When I dared to look at him, he shook his head. “Why are we arguing?”
I shrugged, guessing he knew as well as I did, but neither of us was going to admit it. “It’s been a stressful day.”
A surprised laugh choked out of him. “Seems like they’re always stressful days when I see you, Isadora. Come on, let’s get you home.”
As we walked down the stairs he said, “About Richard…”
I gave a guilty start. “Yes?”
“I wouldn’t know how to start. Even if I did want to make things better between us.”

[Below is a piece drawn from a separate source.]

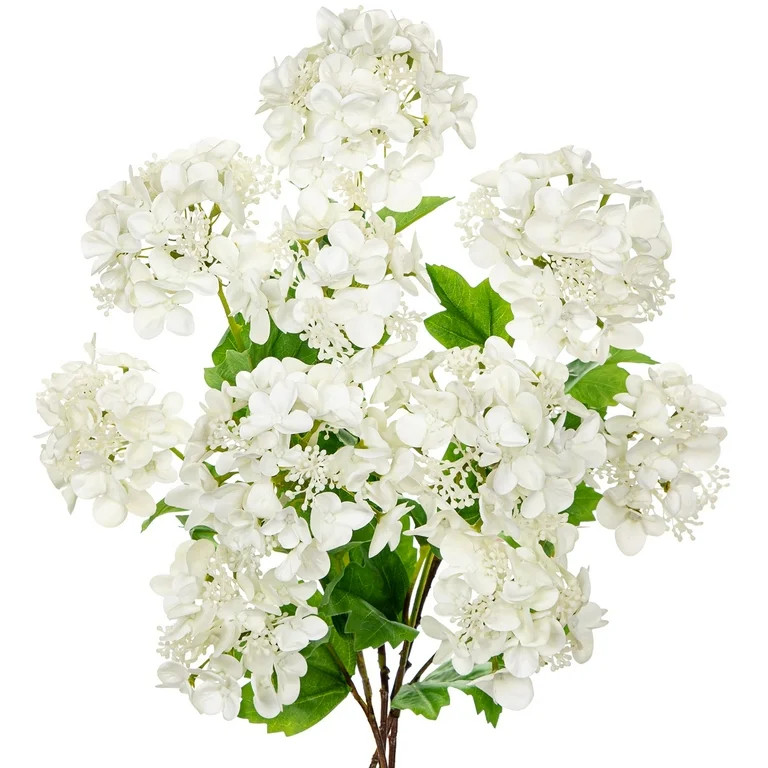 5 pcs Hydrangea Artificial Flowers 19"Real Touch 2 Flower Heads Faux Hydrangeas Realistic Silk Wh... | Walmart (US)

However confused I might be, I was sure of one thing: I cared about both these men and wanted to help them find their way to each other. “Start with small steps. Like … well, like he’s thinking of, with that boy in his neighborhood.”
“What boy?”
“Oh, didn’t he tell—” I broke off. “There’s a boy he’s made a connection with. The son of a single-parent mom. Richard thinks he’s a good kid, but heading for trouble. His mom’s always working and he doesn’t have a healthy male influence in his life. So Richard is going to be a sort of unofficial big brother, if Eric and his mother will let him.”
We reached the street and walked side by side to Gabriel’s car. “Looks like he’s on his way to being a good father,” he said. “Must have got that from Frank.”
Gabriel unlocked the passenger door and we both stared at the seat. Clean now, as if Valente had never ridden there. Valente, who we’d actually forgotten in the time we’d been discussing Richard. But then, to be fair, we’d forgotten about Richard when we’d been focused on Valente.
I glanced at Gabriel and he gave a rueful shake of his head, which seemed to express everything I’d been thinking. We’d shared a lot tonight, and I felt amazingly close to him. Too close.